This, it would appear, is the final chapter in the saga of the steamship Islander.

However, her name remains fresh in the annals of British Columbia marine lore as the story of her gold--wherever and however much there may have been--continues to intrigue armchair treasure hunters to this day.

* * * * *

Their names are among the newspaper accounts listing the Islander's 42 victims: Andrew (Andres) J.W. Keating, and his sons, Arthur and Julius. A strange ending, it would seem, for this German immigrant who'd made his fortune in the Chilean nitrate trade and who'd finally settled with his large family on the Koksilah Ridge, south of Duncan.

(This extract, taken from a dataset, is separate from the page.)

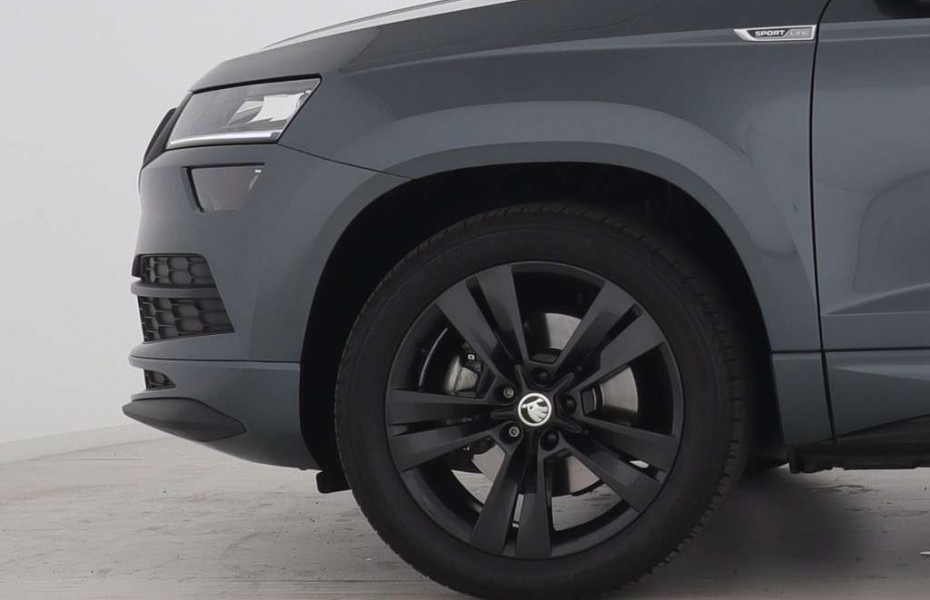 Škoda Karoq 1.5 TSI DSG 4x4 Sportline Navi/LED/Pano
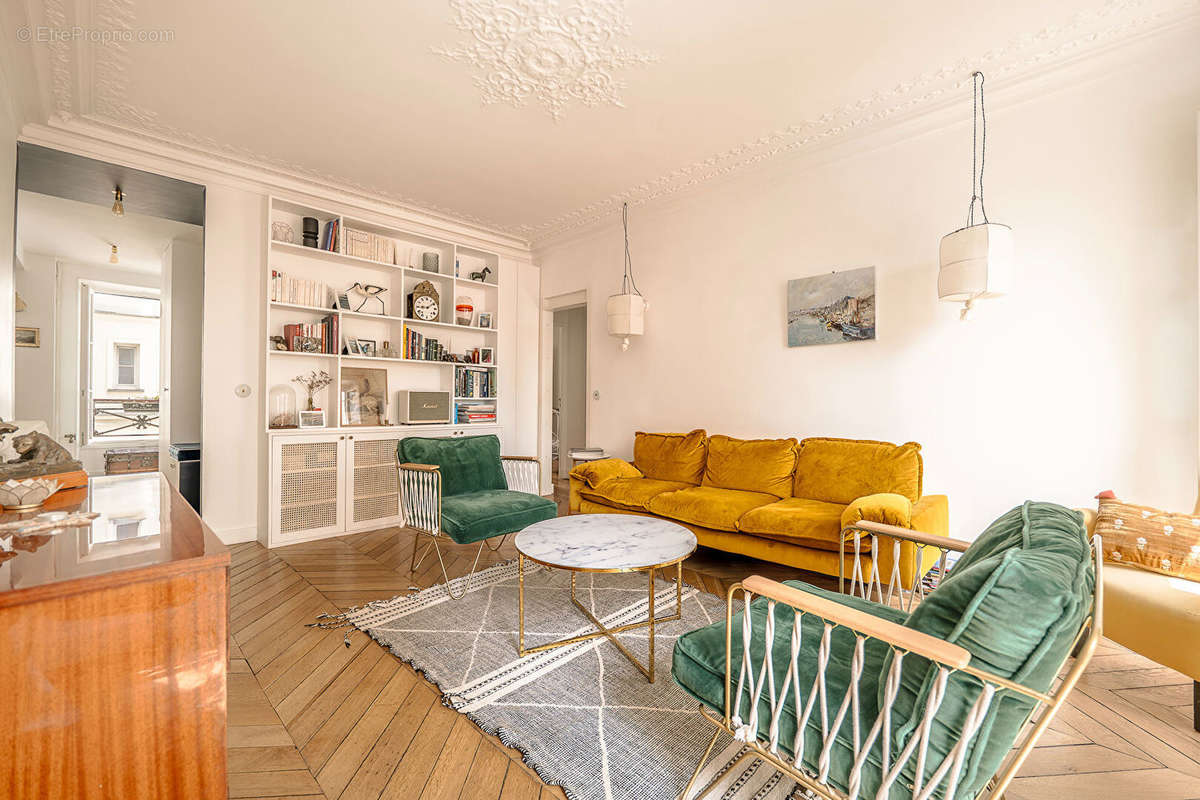 Appartement à PARIS-17E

This is where my tenuous connection with Andrew Keating comes in: my acre, a corner lot, has been subdivided from what's left of Keating's vast property holdings in the Cowichan Valley--once no less than 4000 acres spread from Glenora's Keating Lake to Sansum Narrows!

At one time, it was said, he'd been one of the “largest landowners in what is now the city of Los Angeles”.

But today's Keating Estate Farm with its manor house, barn and numerous outbuildings, is just 50 acres. The Keating house is something of a marvel. Situated at the entrance to the Glenora area with sweeping views of Mount Tzouhalem and the Shawnigan and Glenora hills, it's one of the oldest in the Valley and one of the oddest.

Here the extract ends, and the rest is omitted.